== Supplied material ==

-=-=-=-=-

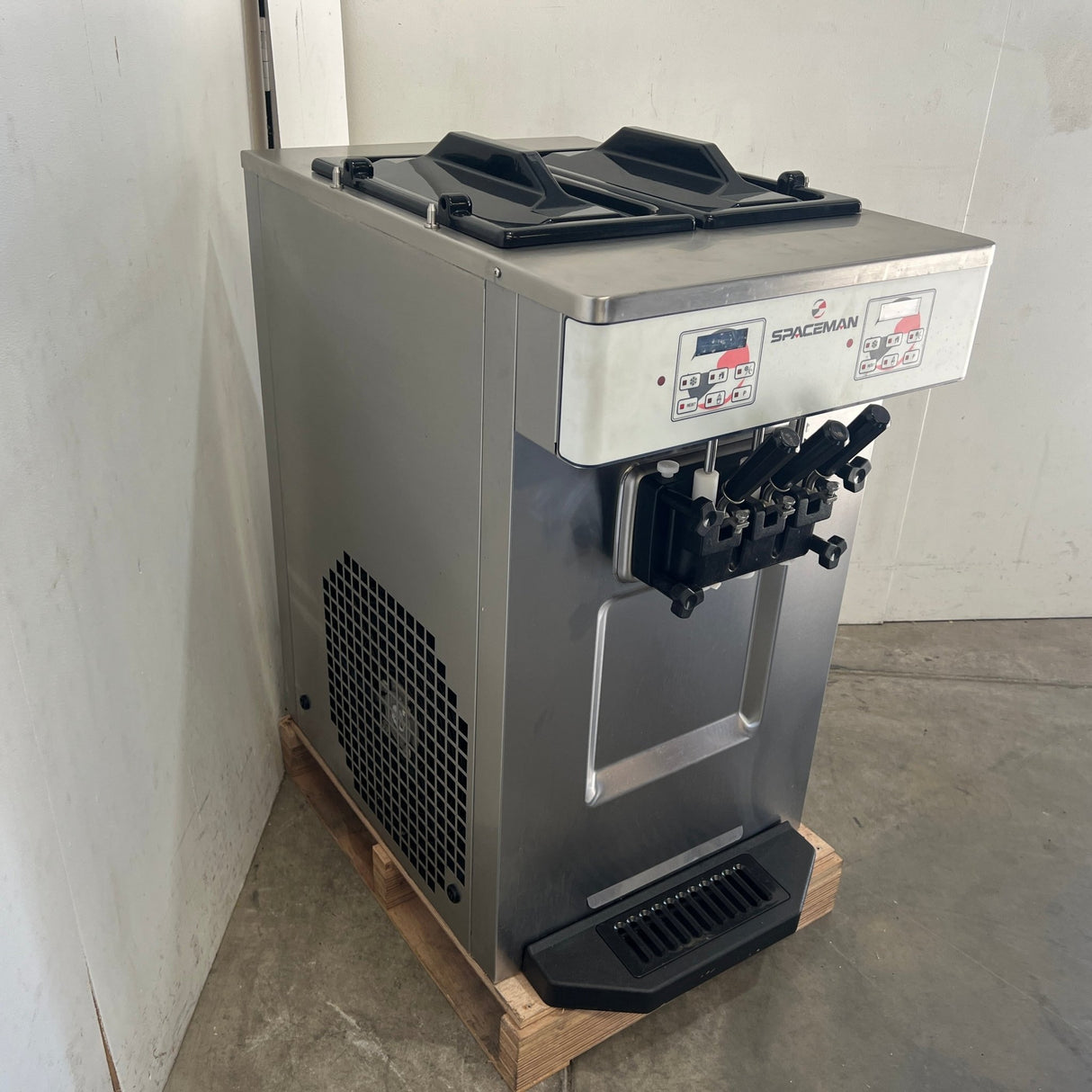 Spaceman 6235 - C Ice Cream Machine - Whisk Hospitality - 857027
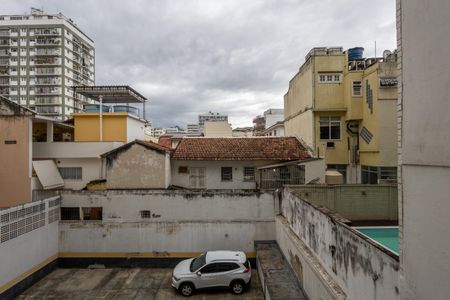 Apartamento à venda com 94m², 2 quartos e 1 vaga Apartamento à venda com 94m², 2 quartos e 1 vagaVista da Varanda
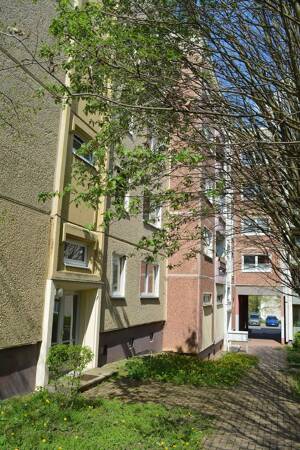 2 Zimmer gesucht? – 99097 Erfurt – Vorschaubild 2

-=-=-=-=-

== What you should do ==
Write down the full listing above exactly as it is, except for any images.

== Response to the task ==
 Spaceman 6235 - C Ice Cream Machine - Whisk Hospitality - 857027
 Apartamento à venda com 94m², 2 quartos e 1 vaga Apartamento à venda com 94m², 2 quartos e 1 vagaVista da Varanda
 2 Zimmer gesucht? – 99097 Erfurt – Vorschaubild 2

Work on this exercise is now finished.